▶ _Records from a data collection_

++++++

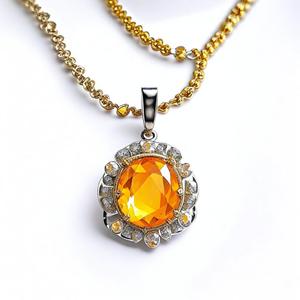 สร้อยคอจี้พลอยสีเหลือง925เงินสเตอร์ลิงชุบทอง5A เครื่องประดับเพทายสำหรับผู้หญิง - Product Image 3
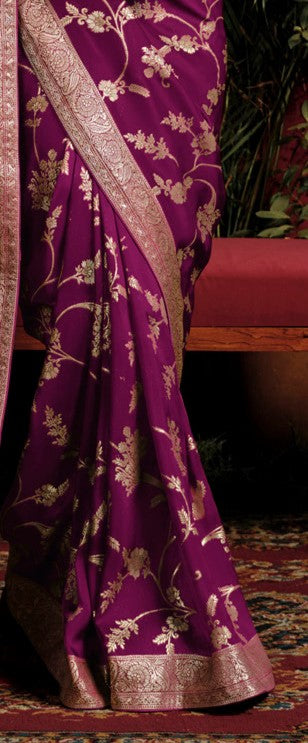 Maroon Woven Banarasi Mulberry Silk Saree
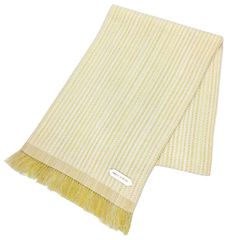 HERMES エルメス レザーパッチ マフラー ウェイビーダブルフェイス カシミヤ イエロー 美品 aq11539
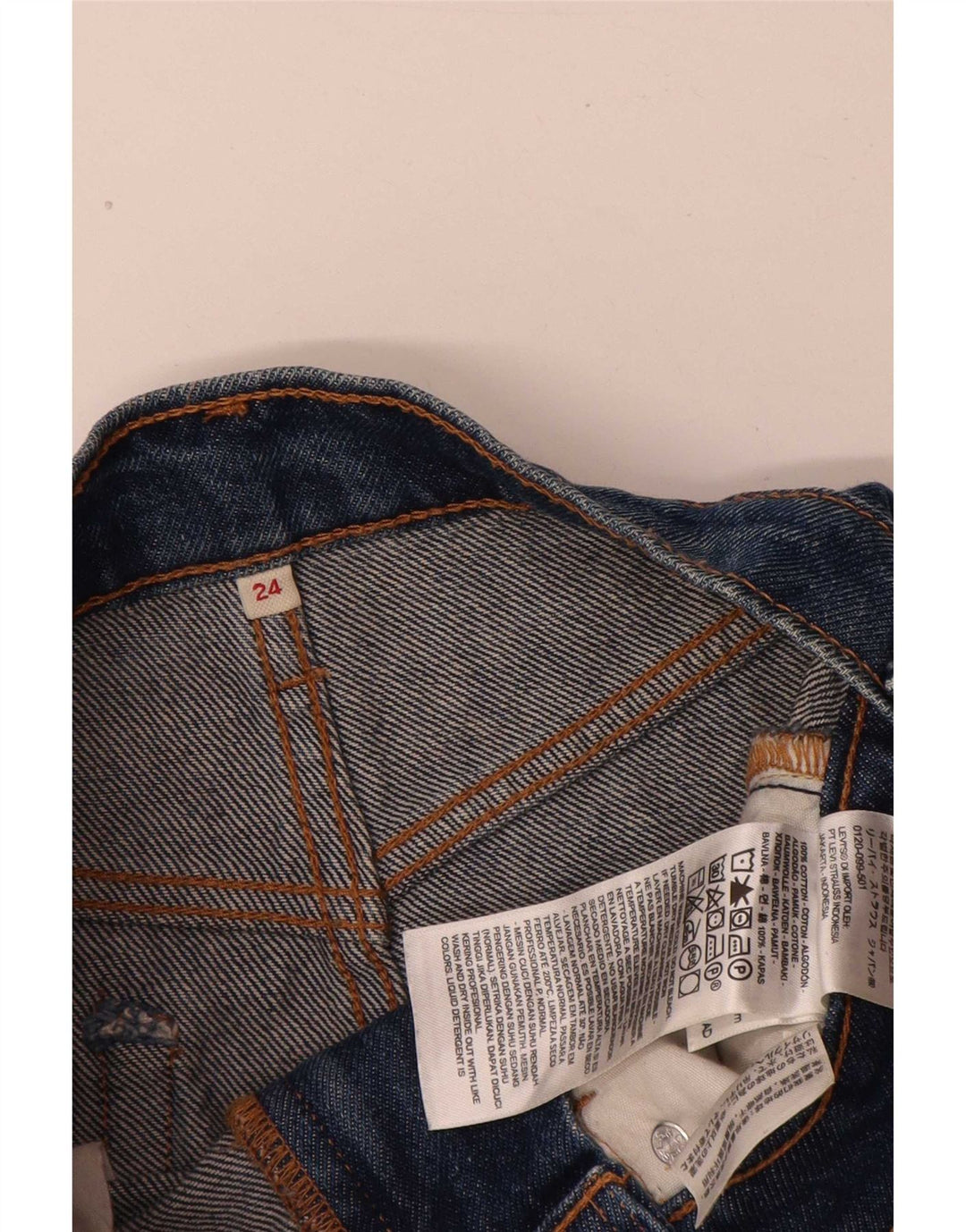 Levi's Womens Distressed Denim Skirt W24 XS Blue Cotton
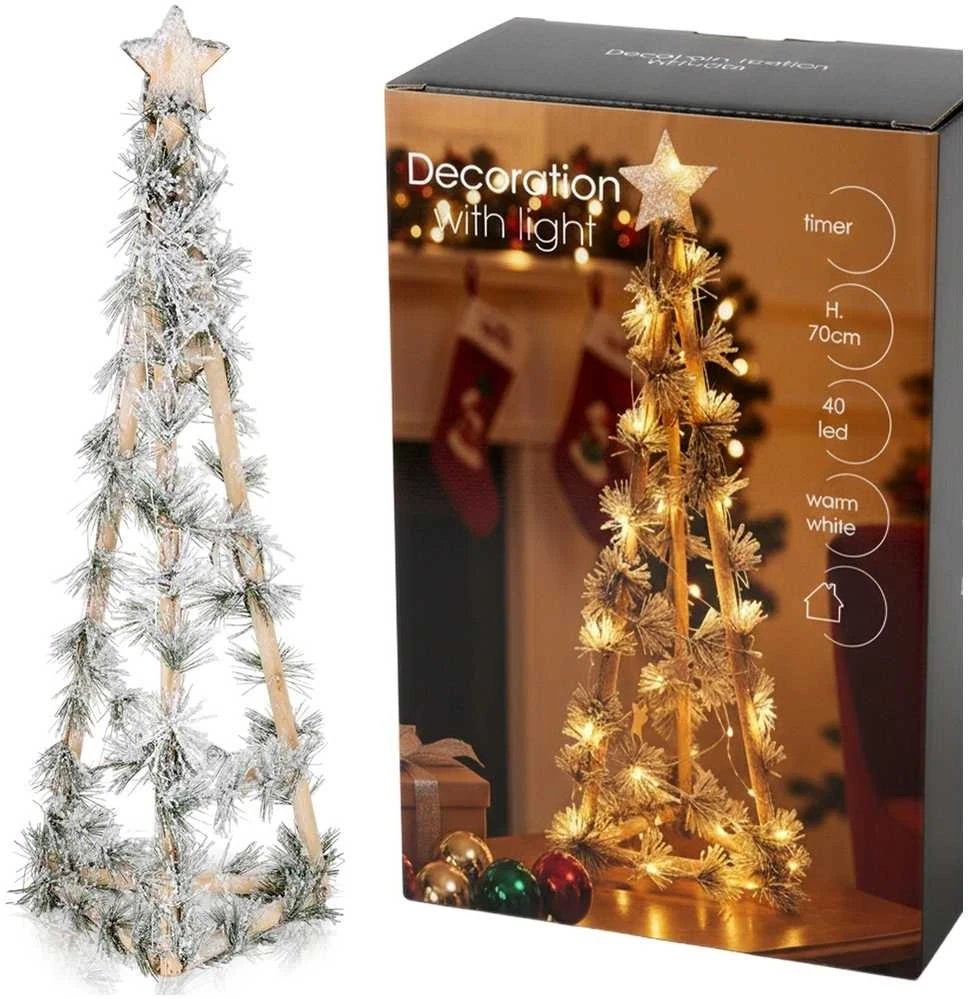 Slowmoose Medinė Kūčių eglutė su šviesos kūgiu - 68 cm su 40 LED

++++++

▶ _DIRECTIONS FOR THIS TASK_
Every line from the one holding "HERMES エルメス レザーパッチ" through the last line of the entries above, and nothing else, is to be restated word for word. Pictures stay out.

▶ _EXERCISE SOLUTION_
 HERMES エルメス レザーパッチ マフラー ウェイビーダブルフェイス カシミヤ イエロー 美品 aq11539
 Levi's Womens Distressed Denim Skirt W24 XS Blue Cotton
 Slowmoose Medinė Kūčių eglutė su šviesos kūgiu - 68 cm su 40 LED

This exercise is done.